Supported Languages
chunkx uses Tree-sitter to parse code into Abstract Syntax Trees (ASTs). This allows it to understand the structure of the code for over 30 languages.
Supported List
The following languages are fully supported with AST-based chunking:
| Language | Key | Extensions |
|---|---|---|
| Bash | languages.Bash | .sh, .bash |
| C | languages.C | .c, .h |
| C++ | languages.CPP | .cpp, .cc, .cxx, .hpp, .h, .hh, .hxx |
| C# | languages.CSharp | .cs |
| CSS | languages.CSS | .css |
| CUE | languages.Cue | .cue |
| Dockerfile | languages.Dockerfile | Dockerfile, .dockerfile |
| Elixir | languages.Elixir | .ex, .exs |
| Elm | languages.Elm | .elm |
| Go | languages.Go | .go |
| Groovy | languages.Groovy | .groovy, .gradle |
| HCL | languages.HCL | .hcl, .tf |
| HTML | languages.HTML | .html, .htm |
| Java | languages.Java | .java |
| JavaScript | languages.JavaScript | .js, .jsx, .mjs, .cjs |
| Kotlin | languages.Kotlin | .kt, .kts |
| Lua | languages.Lua | .lua |
| Markdown | languages.Markdown | .md, .markdown |
| OCaml | languages.OCaml | .ml, .mli |
| PHP | languages.PHP | .php, .phtml |
| Protobuf | languages.Protobuf | .proto |
| Python | languages.Python | .py, .pyi, .pyw |
| Ruby | languages.Ruby | .rb, .rake, .gemspec |
| Rust | languages.Rust | .rs |
| Scala | languages.Scala | .scala, .sc |
| SQL | languages.SQL | .sql |
| Svelte | languages.Svelte | .svelte |
| Swift | languages.Swift | .swift |
| TOML | languages.TOML | .toml |
| TypeScript | languages.TypeScript | .ts, .tsx |
| YAML | languages.YAML | .yaml, .yml |
Language Detection
When using ChunkFile, chunkx automatically detects the language based on the file extension.

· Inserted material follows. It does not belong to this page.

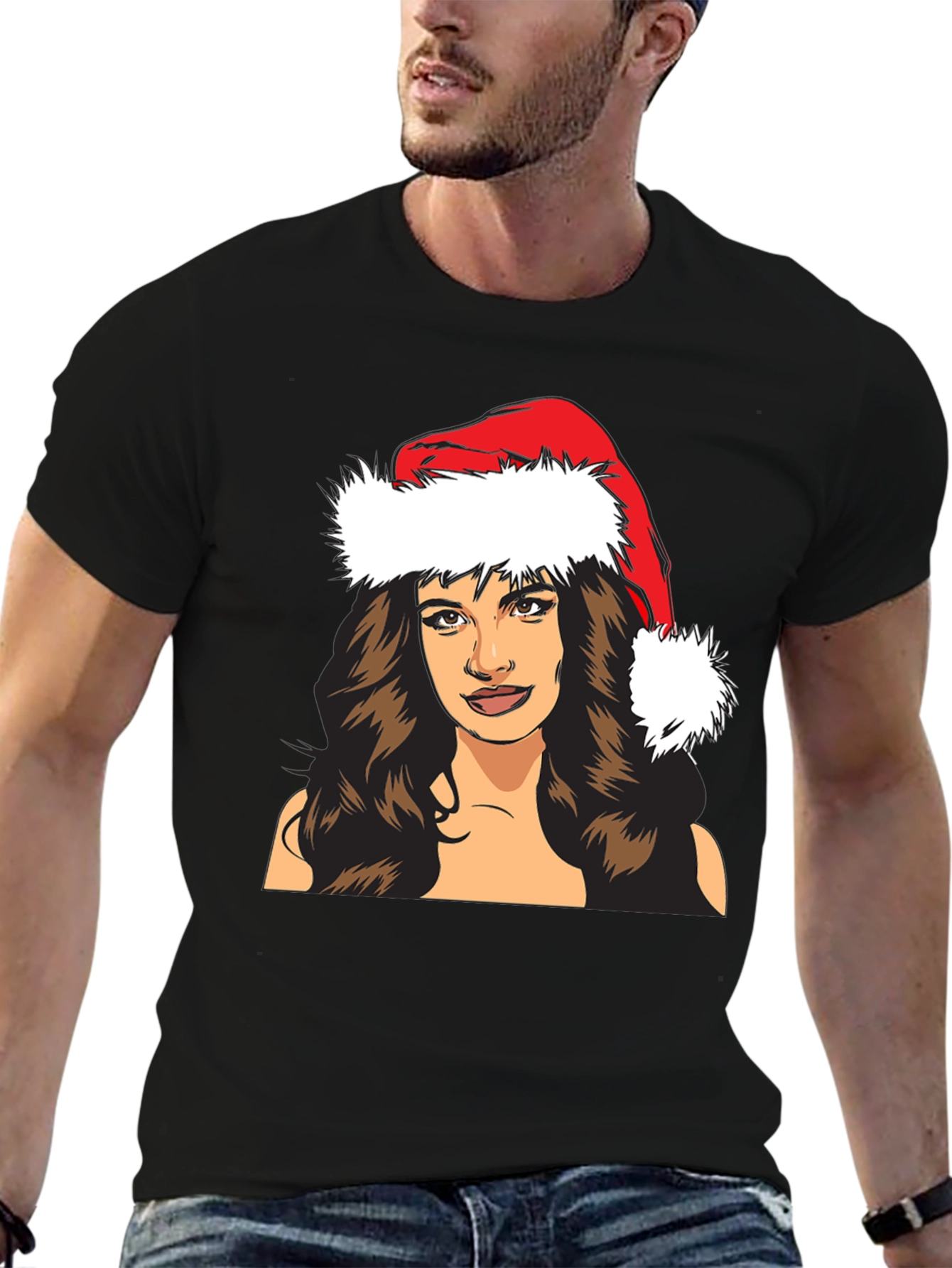 Festive Woman T-Shirt - Holiday Santa Hat Tee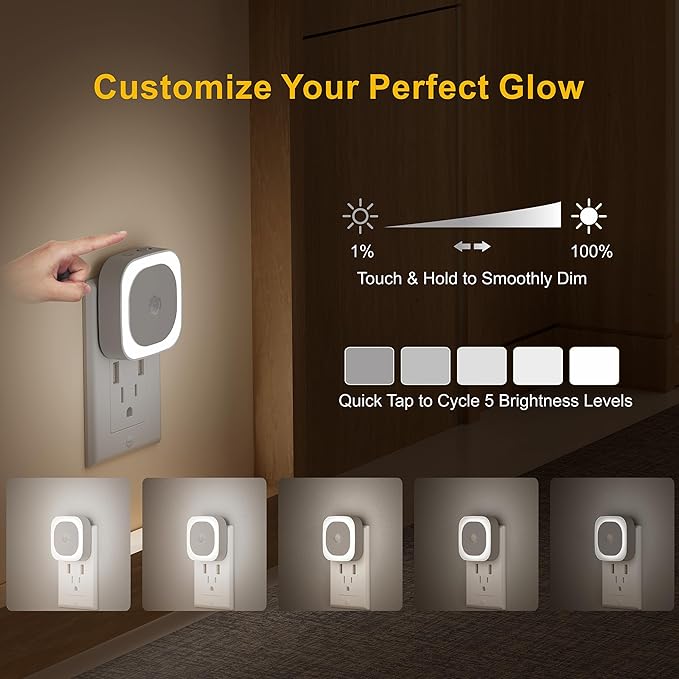 YUNLEX 2 Pack Plug in Night Light with Motion Sensor & Dusk to Dawn Sensor, 3 Sensor Modes, Night Lights Plug into Wall, Auto ON/Off, Dimmable Nightlight for Bathroom, Stairs, Kitchen, Cool White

If a file matches one of the extensions above, the corresponding Tree-sitter parser is used.
Fallback Strategy
If a language is not recognized, or if you explicitly use languages.Generic, chunkx falls back to a line-based chunking strategy.
The fallback strategy:
- Does not parse the code (no AST).
- Splits code based on line counts or token limits.
- Tries to respect paragraph boundaries (empty lines) if possible to keep related lines together.
This ensures that chunkx can still be used to process any text file, even if semantic structure is not available.